Benefits of Choosing a Physical Therapy Career

Benefits of Choosing a Physical Therapy Career

If you've been considering a career as a physical therapist, chances are you've already started evaluating the benefits and advantages that come with it. In truth, there are a variety of really good components for physical therapy. Once you see for yourself, you may be convinced to head down that path as well, so take a look at this overview of the best things about a physical therapist career. The benefits of choosing a physical therapy career are well worth the hard work it takes to train and prepare for the rigors of the job, but only if you have to be passionate about what you are doing. So, if you are thinking about taking this career path, you should think about the benefits as well as the drawbacks. Then you can decide whether this career is truly right for you.

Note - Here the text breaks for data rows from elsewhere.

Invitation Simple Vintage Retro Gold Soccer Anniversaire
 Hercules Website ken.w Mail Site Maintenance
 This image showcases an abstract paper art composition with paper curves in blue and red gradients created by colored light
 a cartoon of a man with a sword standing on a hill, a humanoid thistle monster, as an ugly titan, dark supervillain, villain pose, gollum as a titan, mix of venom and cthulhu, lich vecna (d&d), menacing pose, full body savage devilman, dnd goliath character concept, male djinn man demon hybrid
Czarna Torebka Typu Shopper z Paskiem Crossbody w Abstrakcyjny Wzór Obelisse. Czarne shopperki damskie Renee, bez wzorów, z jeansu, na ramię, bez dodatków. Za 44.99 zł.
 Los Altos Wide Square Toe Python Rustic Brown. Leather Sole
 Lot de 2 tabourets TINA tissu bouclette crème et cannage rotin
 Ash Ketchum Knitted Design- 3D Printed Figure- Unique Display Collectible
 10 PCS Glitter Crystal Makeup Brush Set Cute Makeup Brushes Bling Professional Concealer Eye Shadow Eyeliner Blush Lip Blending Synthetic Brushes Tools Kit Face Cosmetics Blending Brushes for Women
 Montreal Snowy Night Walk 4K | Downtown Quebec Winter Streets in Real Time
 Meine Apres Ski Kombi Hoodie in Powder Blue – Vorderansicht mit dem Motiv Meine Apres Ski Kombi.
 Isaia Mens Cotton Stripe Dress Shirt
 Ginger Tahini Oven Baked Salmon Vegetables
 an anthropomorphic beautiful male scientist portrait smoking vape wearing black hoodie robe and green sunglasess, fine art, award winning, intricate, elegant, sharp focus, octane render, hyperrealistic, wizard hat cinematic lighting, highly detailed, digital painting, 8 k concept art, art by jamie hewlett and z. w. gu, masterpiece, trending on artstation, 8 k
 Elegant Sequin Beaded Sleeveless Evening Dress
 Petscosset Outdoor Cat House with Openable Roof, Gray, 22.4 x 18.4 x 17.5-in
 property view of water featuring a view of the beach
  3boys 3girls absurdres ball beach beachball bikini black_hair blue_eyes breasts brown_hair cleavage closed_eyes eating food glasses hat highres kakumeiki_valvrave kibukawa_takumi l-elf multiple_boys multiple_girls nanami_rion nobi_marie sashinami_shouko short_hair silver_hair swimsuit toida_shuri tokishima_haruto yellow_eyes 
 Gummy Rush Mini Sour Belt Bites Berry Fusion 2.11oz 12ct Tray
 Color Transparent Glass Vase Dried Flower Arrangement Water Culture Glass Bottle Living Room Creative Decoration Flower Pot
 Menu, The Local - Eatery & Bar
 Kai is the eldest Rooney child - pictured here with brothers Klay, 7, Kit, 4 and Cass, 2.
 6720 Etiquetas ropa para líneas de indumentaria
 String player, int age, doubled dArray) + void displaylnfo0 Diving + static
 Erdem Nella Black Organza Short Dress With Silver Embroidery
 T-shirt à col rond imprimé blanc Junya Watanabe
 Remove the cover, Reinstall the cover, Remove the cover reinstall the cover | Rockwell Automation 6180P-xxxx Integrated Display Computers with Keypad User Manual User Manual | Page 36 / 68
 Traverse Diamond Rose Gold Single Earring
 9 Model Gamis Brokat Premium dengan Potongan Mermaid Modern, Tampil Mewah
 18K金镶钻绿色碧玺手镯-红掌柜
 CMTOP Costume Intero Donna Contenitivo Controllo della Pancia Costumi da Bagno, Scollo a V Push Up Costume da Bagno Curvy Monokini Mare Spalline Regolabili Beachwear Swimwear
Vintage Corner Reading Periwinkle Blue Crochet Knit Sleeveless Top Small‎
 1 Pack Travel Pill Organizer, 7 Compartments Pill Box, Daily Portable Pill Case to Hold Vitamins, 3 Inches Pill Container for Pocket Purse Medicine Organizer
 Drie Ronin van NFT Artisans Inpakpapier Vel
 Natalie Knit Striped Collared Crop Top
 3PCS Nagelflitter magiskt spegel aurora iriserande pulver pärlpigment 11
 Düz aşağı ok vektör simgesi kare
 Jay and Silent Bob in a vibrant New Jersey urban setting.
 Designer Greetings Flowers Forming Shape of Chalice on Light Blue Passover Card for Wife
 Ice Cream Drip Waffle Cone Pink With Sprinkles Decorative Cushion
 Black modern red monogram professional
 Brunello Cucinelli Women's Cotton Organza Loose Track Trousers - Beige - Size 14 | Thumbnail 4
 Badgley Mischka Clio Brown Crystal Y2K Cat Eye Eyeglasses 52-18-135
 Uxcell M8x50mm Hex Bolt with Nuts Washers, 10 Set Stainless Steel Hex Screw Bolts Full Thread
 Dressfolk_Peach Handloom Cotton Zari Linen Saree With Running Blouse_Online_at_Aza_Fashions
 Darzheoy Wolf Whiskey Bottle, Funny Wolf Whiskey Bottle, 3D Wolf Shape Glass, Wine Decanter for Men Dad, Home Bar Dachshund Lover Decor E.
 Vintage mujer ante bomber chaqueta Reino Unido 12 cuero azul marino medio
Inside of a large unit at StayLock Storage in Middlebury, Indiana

Helping Patients Live Better Lives ➣

As a physical therapist, you will be working with people who are injured, seriously ill or face other obstacles to their mobility. Your job will play an important role in the health and well-being of these people. The biggest benefit of being a physical therapist is being able to help people to manage their pain, improve their mobility and regain their physical strength, but that is definitely not the only benefit. One of the truly great aspects of being a physical therapist is getting to assist in the lives of so many people. Physical pain and movement disabilities are major problems for people of all ages and backgrounds. Physical therapists can directly help these individuals, and make huge strides towards improving the quality of their lives. Making the firsthand difference like this is fantastic, and makes physical therapy an extremely intrinsically rewarding career. You’ll be able to feel good about yourself and what you do each and every day of your entire time spent in the workforce. Most professions don’t offer that, and it should come as no surprise then that over 75% of physical therapists responded to a 2018 survey saying they are very satisfied with their jobs. This places physical therapy as one of the most highly rated careers of any type, in any industry.


Job Options Galore ➣

There is a variety of professional environments that you might work in as a physical therapist. There are hospitals, private clinics, sports facility and training schools that employ physical therapists. Some physical therapists even work with individual clients, either out of their own private office or in their clients’ homes and places of business. The elderly population is quickly growing, and this is where the greatest demand is. And since there are patients in need of physical therapists in every part of the country, you won’t have to relocate to start your career—unless you want to!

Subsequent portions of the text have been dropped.